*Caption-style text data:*
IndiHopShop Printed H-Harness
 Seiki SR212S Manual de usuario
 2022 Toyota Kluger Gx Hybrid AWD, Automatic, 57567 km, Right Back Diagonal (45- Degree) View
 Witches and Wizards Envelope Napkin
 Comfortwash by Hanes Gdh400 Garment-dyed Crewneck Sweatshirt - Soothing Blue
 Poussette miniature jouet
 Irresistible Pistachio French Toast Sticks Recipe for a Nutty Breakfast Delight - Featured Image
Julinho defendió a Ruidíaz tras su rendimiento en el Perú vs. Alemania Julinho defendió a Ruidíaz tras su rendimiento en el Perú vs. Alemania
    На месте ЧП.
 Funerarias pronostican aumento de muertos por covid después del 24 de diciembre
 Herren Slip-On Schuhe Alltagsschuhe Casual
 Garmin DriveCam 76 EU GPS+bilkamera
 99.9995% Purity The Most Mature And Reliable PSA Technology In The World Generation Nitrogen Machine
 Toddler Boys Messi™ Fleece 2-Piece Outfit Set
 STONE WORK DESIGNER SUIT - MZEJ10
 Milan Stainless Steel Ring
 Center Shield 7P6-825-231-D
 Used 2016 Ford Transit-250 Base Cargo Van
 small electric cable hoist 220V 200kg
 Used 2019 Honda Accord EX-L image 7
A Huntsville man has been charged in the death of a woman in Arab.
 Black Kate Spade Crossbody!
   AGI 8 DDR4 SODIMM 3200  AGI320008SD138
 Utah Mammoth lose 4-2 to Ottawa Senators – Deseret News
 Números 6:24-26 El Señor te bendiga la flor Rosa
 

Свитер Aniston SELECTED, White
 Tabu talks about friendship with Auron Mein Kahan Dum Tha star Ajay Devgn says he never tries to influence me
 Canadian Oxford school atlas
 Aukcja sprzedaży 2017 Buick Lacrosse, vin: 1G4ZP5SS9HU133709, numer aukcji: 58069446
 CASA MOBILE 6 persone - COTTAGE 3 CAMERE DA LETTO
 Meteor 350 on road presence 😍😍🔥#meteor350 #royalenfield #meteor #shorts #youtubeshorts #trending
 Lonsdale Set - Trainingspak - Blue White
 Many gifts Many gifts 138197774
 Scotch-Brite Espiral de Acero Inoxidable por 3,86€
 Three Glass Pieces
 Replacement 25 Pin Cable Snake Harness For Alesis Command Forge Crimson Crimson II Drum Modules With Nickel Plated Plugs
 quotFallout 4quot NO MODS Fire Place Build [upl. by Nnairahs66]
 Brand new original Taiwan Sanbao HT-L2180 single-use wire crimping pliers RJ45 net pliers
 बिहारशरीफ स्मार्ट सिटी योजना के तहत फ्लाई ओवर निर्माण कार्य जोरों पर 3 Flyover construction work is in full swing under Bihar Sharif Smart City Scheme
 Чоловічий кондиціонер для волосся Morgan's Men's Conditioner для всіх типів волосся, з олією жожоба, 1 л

*Your assignment:* Starting with the line with "2022 Toyota Kluger" above and going on through the line with "Poussette miniature jouet", transcribe every line exactly, both ends included, and add nothing.

*Expected output:*
 2022 Toyota Kluger Gx Hybrid AWD, Automatic, 57567 km, Right Back Diagonal (45- Degree) View
 Witches and Wizards Envelope Napkin
 Comfortwash by Hanes Gdh400 Garment-dyed Crewneck Sweatshirt - Soothing Blue
 Poussette miniature jouet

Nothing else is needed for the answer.